In the story, it’s surprising that the father runs to embrace his son because “[n]ormally the father waits to be addressed by the son and to receive some indication of respect before responding. But God’s compassion is exceptional.”[17] Knowing something of the clothing of that time period is also culturally enlightening: “[T]he father would have to pull up his skirt to run. … It was a breach of an elderly Jewish man’s dignity to run….”[18] So we see that in the honor-shame culture of Second Temple Judaism, it was shameful for a Jewish man to lift up his garment, exposing his naked legs in public, in order to run.[19] But we are awestruck to discover that the father gladly embodies this scandal as an act of love for his lost son.

Jesus’s story continues,

But the father said to his servants, “Quick! Bring the best robe and put it on him. Put a ring on his finger and sandals on his feet. Bring the fattened calf and kill it. Let’s have a feast and celebrate. For this son of mine was dead and is alive again; he was lost and is found.”[20]

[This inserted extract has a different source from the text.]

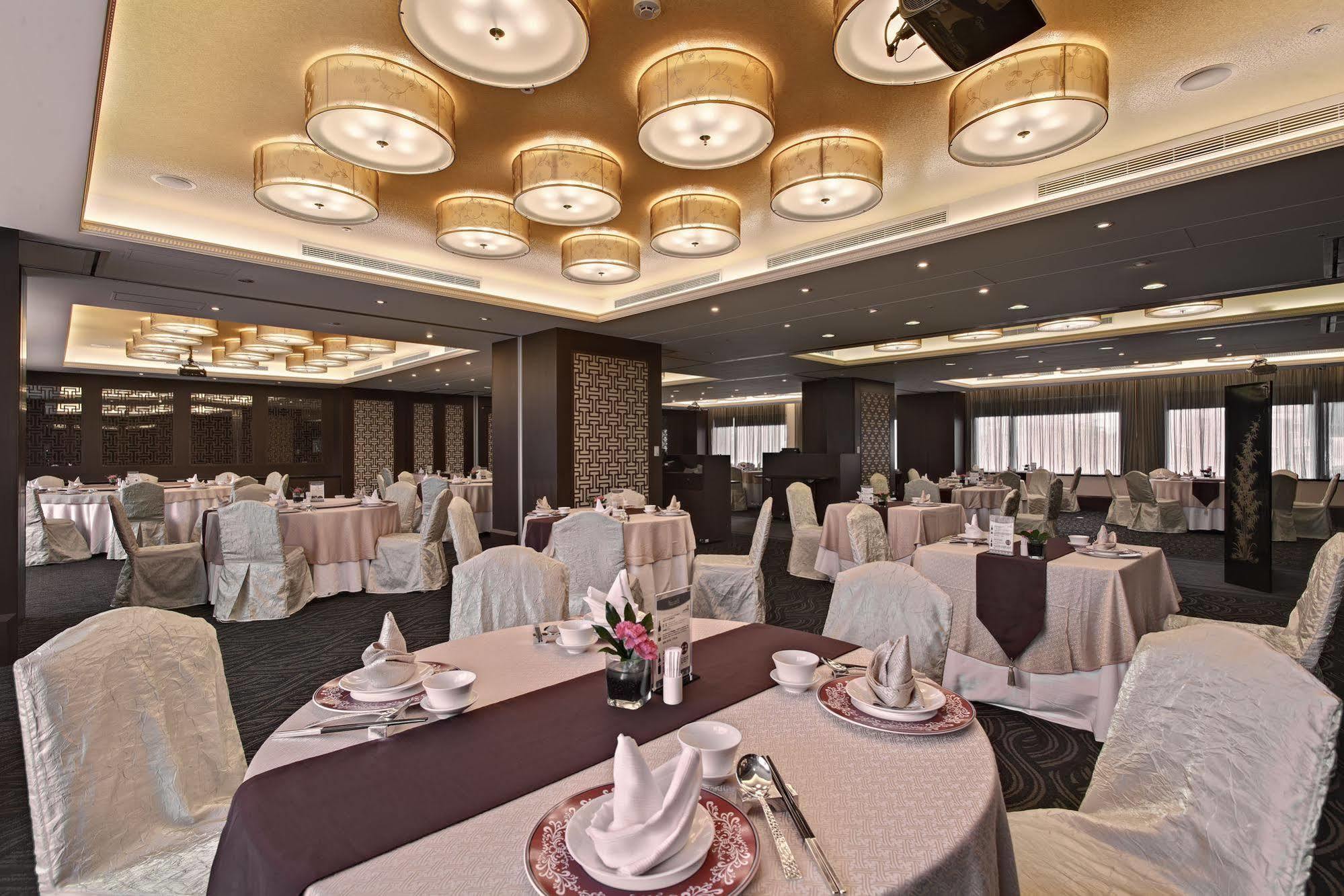 Taipei Garden Hotel - Ximending Exteriör bild The ballroom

It’s important to note that the “best robe” would’ve belonged to the father, and the ring would’ve been a family signet ring, symbolizing “reinstatement to sonship in a well-to-do house.”[21] But the story does not end there.

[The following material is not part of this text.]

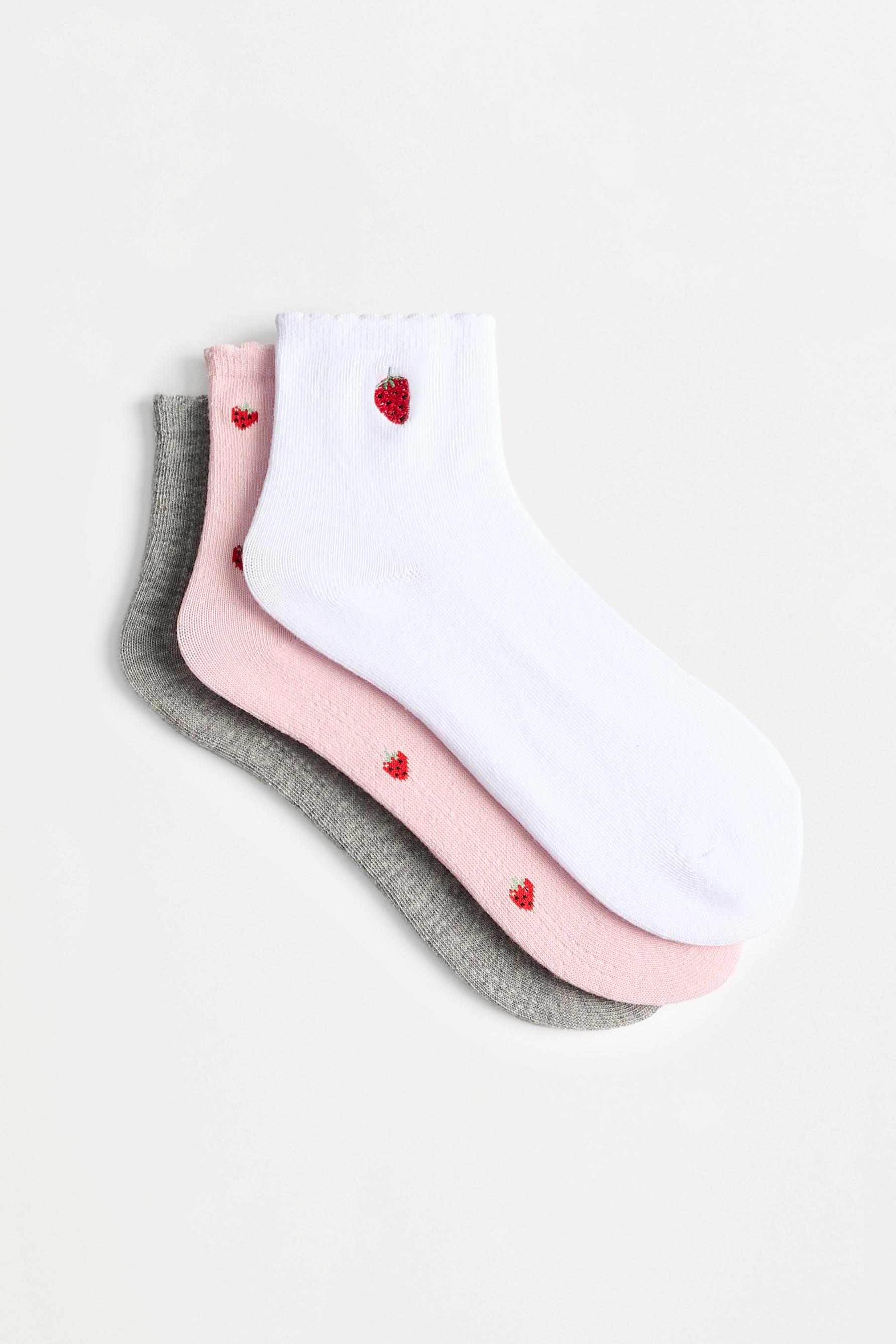 3-Pack Strawberry Embellished Short Socks — PINKISH WHITE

We’re told of the reaction of the elder son who becomes enraged by his father’s forgiveness for his impulsive brother in order to reveal to the religious leaders in the audience the hardness of their own hearts. The elder son stands outside refusing to enter. The father has to go out and plead with him.

Jealous and bitter, he answers his father:

Look! All these years I’ve been slaving for you and never disobeyed your orders. Yet you never gave me even a young goat so I could celebrate with my friends. But when this son of yours who has squandered your property with prostitutes comes home, you kill the fattened calf for him![22]

Now the stage is set to better understand all the characters. The elder son, who epitomizes the religious leaders of the Law, refuses to welcome back his own brother, negating the notion that familial restoration calls for celebration.

It’s further telling that despite the way things appear,

…the elder son has apparently lived in alienation from his father.[23] Even now he acts outside cultural norms vis-à-vis his father—refusing to come in, failing to address him as Father, stressing his servitude to his father, and complaining (in the context of a party!) about the maltreatment he has received from his father.[24]

Joel B. Green continues,

Scribes and Pharisees are invited to find themselves represented in the parable as the elder son—responsible and obedient, it would seem, but failing in their solidarity with the redemptive purpose of God. Will they identify with God’s will and, having done so, join repentant sinners at the table? … The parable is open-ended, and so is the invitation.[25]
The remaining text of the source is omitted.